Including 33 Massacres in June

204 Massacres

SNHR has published its monthly special report documenting the massacres perpetrated by the different conflict parties in Syria for the month of June.
The report notes that the Syrian governorates have seen a notable and a relatively good decline in killing rates compared to the previous months since 2011 after the commencement of the Cessation of Hostilities statement on 27 February 2016. Nonetheless, violations haven’t stopped and mainly by the Syrian regime and its allies who are seemingly the most affected party by the ongoing Cessation of Hostilities.
Additionally, the report notes that one day after the High Negotiation Committee decided to postpone its participation in Geneva talk on 19 April, government forces and Russian forces resumed bombing areas outside the Syrian regime’s control and the killing rates increased back to its former levels before the Cessation of Hostilities.
The report outlines the massacres of the first half of 2016 and the massacres that was perpetrated during June. The report refers to an incident as a massacre if it involves the killing of five peaceful people at once. Based on this definition, the report records that 204 massacres were perpetrated in the first half of 2016 where 105 massacres were perpetrated by government forces, 66 by allegedly Russian forces, 15 by ISIS, eight by armed opposition factions, five by the international coalition forces, and five by unidentified groups.

The report details the distribution of the massacres across governorates as Aleppo saw the highest number of massacres with 61 massacres followed by Idlib with 33 massacres, Damascus suburbs: 27 massacres, Der Ez-Zour: 28 massacres, Homs: 19 massacres, Al-Raqqa: 21 massacres, Al-Hasaka: four massacres, Hama: four massacres, Daraa: three massacres, Latakia: three massacres, and Tartus with one massacre.
The report says that 2376 individuals were killed in those massacres including 654 children and 423 women meaning that 46% of the victims were women and children which is a considerably high percentage that indicates that civilian residents were the target in most of these massacres.
Government forces killed 1053 individuals including 312 children and 185 women, while Russian forces killed 842 individuals including 236 children and 117 women, while ISIS killed 304 civilians including 34 children and 90 women.
Additionally, armed opposition factions killed 56 civilians including 25 children and eight women, and international coalition forces killed 86 civilians including 38 children and 18 women in addition to 38 civilians, including nine children and five women, who were killed by unidentified groups.
The report records that 24 massacres were perpetrated by government forces in June 2016, while Russia perpetrated four massacres in June.
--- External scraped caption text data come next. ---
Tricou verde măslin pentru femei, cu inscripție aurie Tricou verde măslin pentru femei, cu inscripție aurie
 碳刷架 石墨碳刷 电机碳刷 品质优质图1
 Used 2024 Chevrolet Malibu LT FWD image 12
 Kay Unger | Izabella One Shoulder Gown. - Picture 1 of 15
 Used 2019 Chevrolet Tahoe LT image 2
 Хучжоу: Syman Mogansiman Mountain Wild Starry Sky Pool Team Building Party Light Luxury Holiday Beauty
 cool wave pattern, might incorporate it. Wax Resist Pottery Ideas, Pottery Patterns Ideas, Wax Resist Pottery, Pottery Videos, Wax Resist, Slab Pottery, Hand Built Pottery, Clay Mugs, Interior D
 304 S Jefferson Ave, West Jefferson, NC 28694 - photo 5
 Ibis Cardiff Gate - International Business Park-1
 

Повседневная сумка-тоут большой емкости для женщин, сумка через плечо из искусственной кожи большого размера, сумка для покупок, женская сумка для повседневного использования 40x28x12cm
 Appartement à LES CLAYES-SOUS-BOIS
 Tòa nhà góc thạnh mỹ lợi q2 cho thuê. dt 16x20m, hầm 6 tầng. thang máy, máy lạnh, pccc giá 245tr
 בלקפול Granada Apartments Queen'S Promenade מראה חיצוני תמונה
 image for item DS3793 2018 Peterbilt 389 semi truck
Also, ISIS and the international coalition have both perpetrated two massacre while armed opposition factions perpetrated one massacre.

According to the report, government forces perpetrated eight massacres in Idlib, five in Al-Raqqa, four in Deir Ez-Zour, three in Damascus suburbs, two in Homs, one in Aleppo, and one in Hama. Russian forces perpetrated four massacres in Aleppo while ISIS perpetrated one massacre in both Deir Ez-Zour and Al-Raqqa. Additionally, armed opposition factions perpetrated one massacre in Aleppo and international coalition forces perpetrated two massacres in Aleppo.
The report notes that 421 individuals including 156 children and 70 women were killed in the massacres of June 2016 meaning that 54% of the victims were women and children which is a considerably high percentage that indicates that civilian residents were the target in most of these massacres.
The report outlines the death toll of the massacres that were perpetrated in June where government forces killed 315 individuals including 112 children and 57 women while Russian forces killed 29 individuals including 10 children and three women. Additionally, 15 civilians were killed in the massacres perpetrated by ISIS while six civilians, including two children, were killed in the massacres perpetrated by armed opposition factions. Furthermore, 56 civilians, including 32 children and 10 women, were killed in the massacres perpetrated by the international coalition forces.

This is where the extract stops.